◆ **Exercise**:
Leaving every picture out, repeat all of the entries below exactly.

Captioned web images
=== Section Start ===

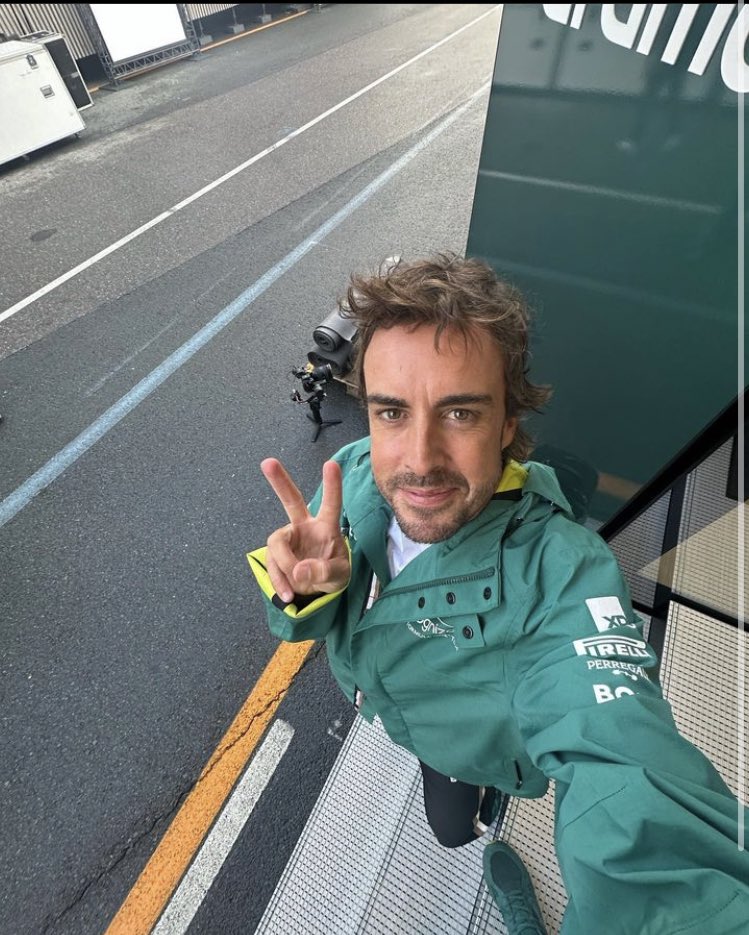 AtopeF1's tweet photo. Apariciones de Fernando Alonso en Q3 esta temporada: 

🇧🇭 ✅
🇸🇦 ✅ 
🇦🇺 ✅ 
🇦🇿 ✅ 
🇺🇸 ✅
🇲🇨 ✅ 
🇪🇸 ✅ 
🇨🇦 ✅ 
🇦🇹 ✅
🇬🇧 ✅
🇭🇺 ✅
🇧🇪 ✅
🇳🇱 ✅
🇮🇹 ✅ 
🇸🇬 ✅
🇯🇵 ✅
🇶🇦 ✅

Es el único piloto de la parrilla que firma el pleno, 17 veces en Q3 en 17 Grandes Premios. https://t.co/PhmmmAmTn6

=== Section End ===

◆ **Solution for this task**:
 AtopeF1's tweet photo. Apariciones de Fernando Alonso en Q3 esta temporada: 

🇧🇭 ✅
🇸🇦 ✅ 
🇦🇺 ✅ 
🇦🇿 ✅ 
🇺🇸 ✅
🇲🇨 ✅ 
🇪🇸 ✅ 
🇨🇦 ✅ 
🇦🇹 ✅
🇬🇧 ✅
🇭🇺 ✅
🇧🇪 ✅
🇳🇱 ✅
🇮🇹 ✅ 
🇸🇬 ✅
🇯🇵 ✅
🇶🇦 ✅

Es el único piloto de la parrilla que firma el pleno, 17 veces en Q3 en 17 Grandes Premios. https://t.co/PhmmmAmTn6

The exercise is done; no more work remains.